Children are excited to learn about individuals who live in shoes or a cow who can jump over a moon. Nursery rhymes help your child learn to have a vivid imagination filled with colourful characters and various languages. There are also a number of key skills / development areas that can be influenced by simple nursery rhymes.

Cognitive Development

Repetition of rhymes and stories is good for the brain, teaching how language works and improving memory, concentration, spatial intelligence and thinking skills. Because these verses are made up of patterns, they are easy first memorization pieces. Nursery rhymes are organised so that similar sounds jump out at you, which doesn’t happen in everyday speech. Nursery rhymes help your child’s brain segment words into syllables, hear similarities between words that rhyme or start with the same sounds.

Language and Literacy Skills

Rhymes are fantastic vocabulary boosters. They often feature a pleasing rhythmic pattern and simple repetitive phrases that babies and young children find easy to remember and repeat. In order to develop their phonological awareness, children need to be repeatedly exposed to spoken language and nursery rhymes provide the perfect way to do this.

Numeracy and Maths

Nursery rhymes are a great way to start familiarising your child with numbers. They’re full of patterns, sequencing, numbers, and counting (forward and backward). For instance, you might ask your son or daughter questions like; “How many blind mice were there?” They also discuss size, weight and other important math vocabularies.

Physical Development

The opportunity to ‘act out’ a favourite rhyme will be a welcome activity for active minds and fidgety bodies. Physical participation in action songs encourage children to develop their fine and gross motor control skills as well as balance, coordination and the skills needed to follow simple instructions.

Nursery rhymes may just seem like a bit of fun, a way to spend time and interact with your children or just a quick and easy way to distract them but the truth is nursery rhymes have so many more benefits for your child, both in the long and the short term and are incredibly powerful influencers in pre-school development.
CREDIT: CDC / UNSPLASH

Development of Social Routines

There are lots of fun nursery rhymes that you can sing in two parts. Teaching your child when they should tell their part in the rhyme contributes to their development of social skills. What is more, your child will also learn important conversation lessons, such as turn-taking and listening.

Understanding of Concepts: Painting Pictures in Children’s Heads

When you teach your child nursery rhymes, you are contributing to their creative development. When you talk to your child from the moment they are born, through to their years of learning how to talk, you are equipping them with a solid vocabulary base.

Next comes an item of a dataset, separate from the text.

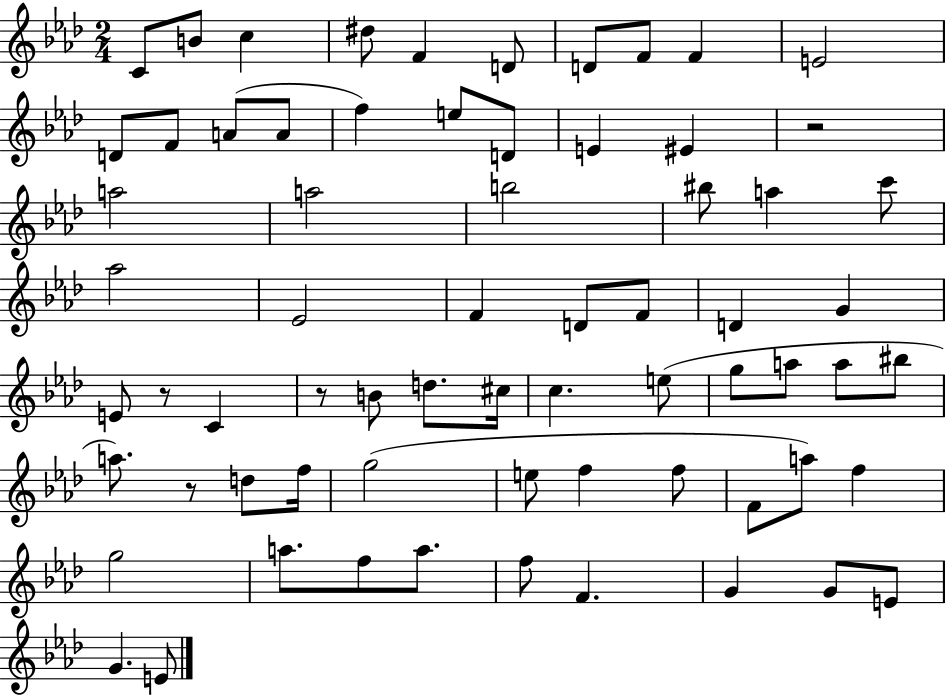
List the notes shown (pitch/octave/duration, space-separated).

What is more, children also learn to understand abstract concepts like big, small, in front, behind, first and last. The words used in nursery rhymes help children develop language comprehension by associating words with people, objects, and events in their daily life.

Listening Skills

When you read nursery rhymes to your child, you are telling them a story. Because of the rhyming words, the storyline, and your pronunciation, children are lured into the story and pay attention to you. This helps them make sense of the story and at the same time makes them good listeners.

So, remember every time you cringe from hearing “Humpty Dumpty” or “Hey Diddle Diddle,” just focus on how important these classics are to your child’s growth plus they are an excellent means of spending time together with your child and developing a close relationship.